Note: We had to change the time.Sleep(1 * time.Second) to time.After(1 * time.Second)

How to do it using Context

Context is a very useful interface in go, that should be used and propagated in all blocking functions. It enables the propagation of cancelation throughout the program.

It is considered good practice for ctx context.Context to be the first argument in every method or function that is used directly or indirectly for external dependencies.

A very detailed article about context: https://go.dev/blog/context

Channel sharing issue

Let's examine how context properties could help in a more complex situation.

Having multiple loops running in parallel, using channels (counter-example):

GO
// COUNTER EXAMPLE, DO NOT USE THIS CODE
func main() {
	exit := make(chan os.Signal, 1)
	signal.Notify(exit, os.Interrupt, syscall.SIGTERM)
	
  // This will not work as expected!!
	var wg sync.WaitGroup

	wg.Add(1)
  go func() {
		defer wg.Done()
		for {
			select {
	    case <-exit: // Only one go routine will get the termination signal
				fmt.Println("Break the loop: hello")
				break;
			case <-time.After(1 * time.Second):
				fmt.Println("Hello in a loop")
			}
		}
	}()

	wg.Add(1)
  go func() {
		defer wg.Done()
		for {
			select {
	    case <-exit: // Only one go routine will get the termination signal
				fmt.Println("Break the loop: ciao")
				break;
			case <-time.After(1 * time.Second):
				fmt.Println("Ciao in a loop")
			}
		}
	}()

	wg.Wait()
	fmt.Println("Main done")
}

Why is this not going to work?

Go channels do not work in a broadcast way, only one go routine will receive a single os.Signal. Also, there is no guarantee which go routine will receive it.

wait := make(chan struct{}{}, 2)

Context can help us make the above work, let's see how.

Using Context for termination

Let's try to fix this problem by introducing context.WithCancel

GO
func main() {
  ctx, cancel := context.WithCancel(context.Background())

	go func() {
		exit := make(chan os.Signal, 1)
		signal.Notify(c, os.Interrupt, syscall.SIGTERM)
		cancel()
	}()

	var wg sync.WaitGroup

	wg.Add(1)
  go func() {
		defer wg.Done()
		for {
			select {
	    case <-ctx.Done():
				fmt.Println("Break the loop")
				break;
			case <-time.After(1 * time.Second):
				fmt.Println("Hello in a loop")
			}
		}
	}()

	wg.Add(1)
  go func() {
		defer wg.Done()
		for {
			select {
	    case <-ctx.Done():
				fmt.Println("Break the loop")
				break;
			case <-time.After(1 * time.Second):
				fmt.Println("Ciao in a loop")
			}
		}
	}()

	wg.Wait()
	fmt.Println("Main done")
}

Essentially the cancel() is broadcasted to all the go-routines that call .Done().

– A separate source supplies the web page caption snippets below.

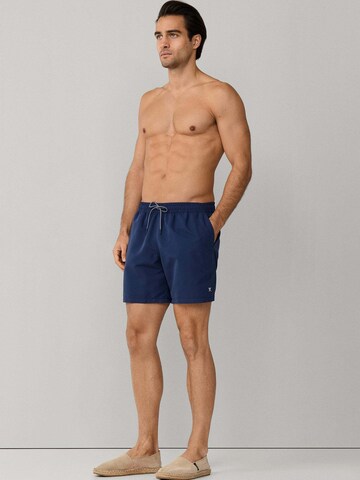 Hackett London Zwemshorts in Blauw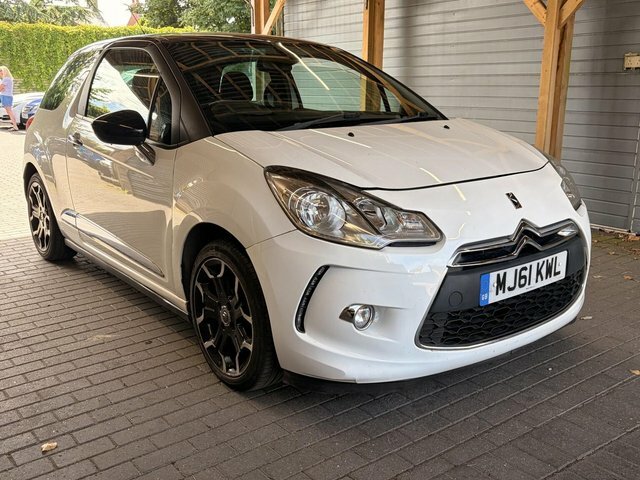 Citroen DS3 Vti Dstyle Plus White #3
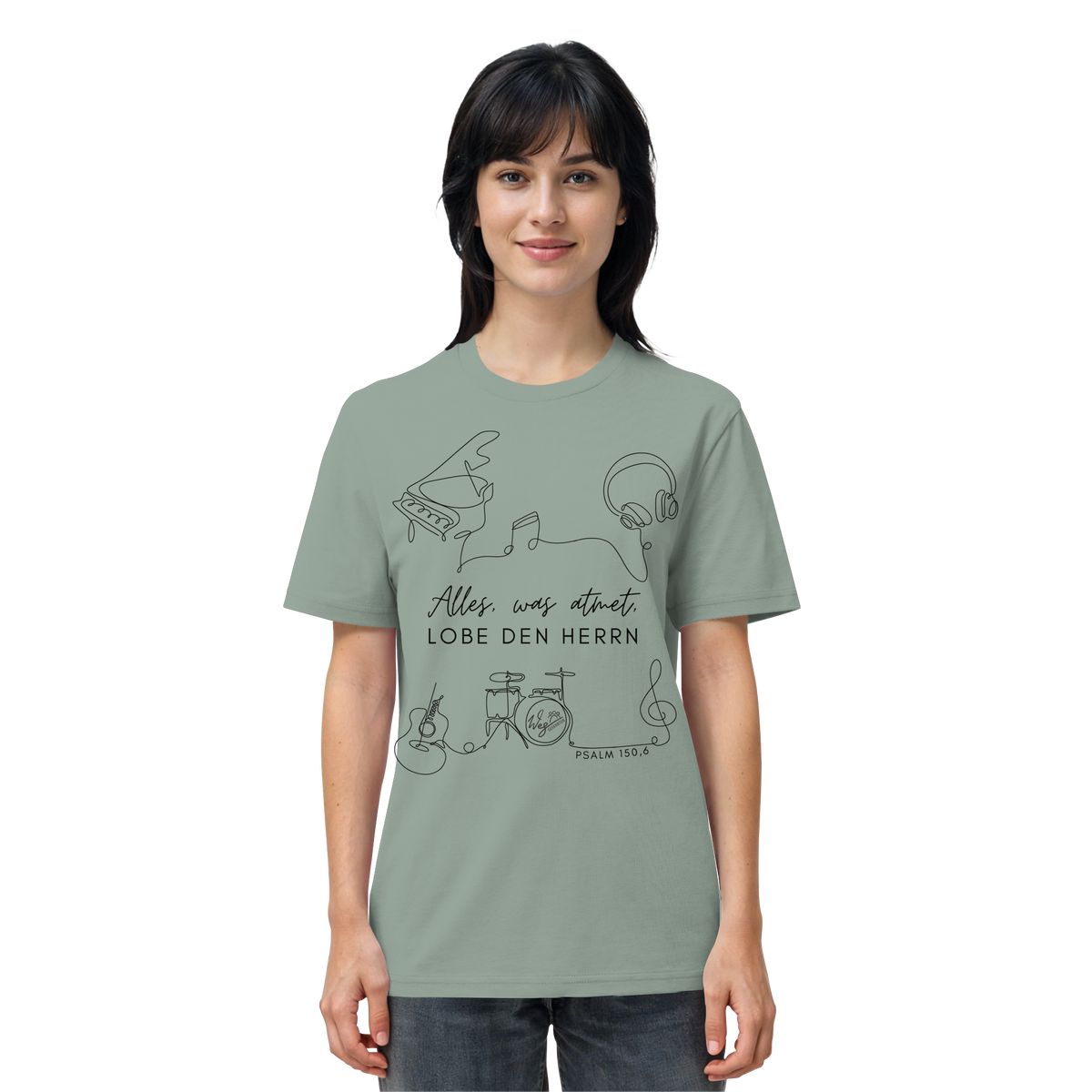 Alles, was atmet - Organic Shirt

The returned context's Done channel is closed when the returned cancel function is called or when the parent context's Done channel is closed, whichever happens first.

NotifyContext

In go 1.16 a new helpful method was introduced in signal package, singal.NotifyContext:

GO
func NotifyContext(parent context.Context, signals ...os.Signal) (ctx context.Context, stop context.CancelFunc)

NotifyContext returns a copy of the parent context that is marked done (its Done channel is closed) when one of the listed signals arrives, when the returned stop function is called, or when the parent context's Done channel is closed, whichever happens first.

Using NotifyContext can simplify the example above to:

GO
func main() {
  ctx, stop := context.NotifyContext(context.Background(), os.Interrupt, syscall.SIGTERM)
  defer stop()

	var wg sync.WaitGroup

	wg.Add(1)
  go func() {
		defer wg.Done()
		for {
			select {
	    case <-ctx.Done():
				fmt.Println("Break the loop")
				break;
			case <-time.After(1 * time.Second):
				fmt.Println("Hello in a loop")
			}
		}
	}()

	wg.Add(1)
  go func() {
		defer wg.Done()
		for {
			select {
	    case <-ctx.Done():
				fmt.Println("Break the loop")
				break;
			case <-time.After(1 * time.Second):
				fmt.Println("Ciao in a loop")
			}
		}
	}()

	wg.Wait()
	fmt.Println("Main done")
}

A full working example can be found under our example repo

Common libraries

HTTP server

The examples above included a for loop for simplification, but let's examine something more practical.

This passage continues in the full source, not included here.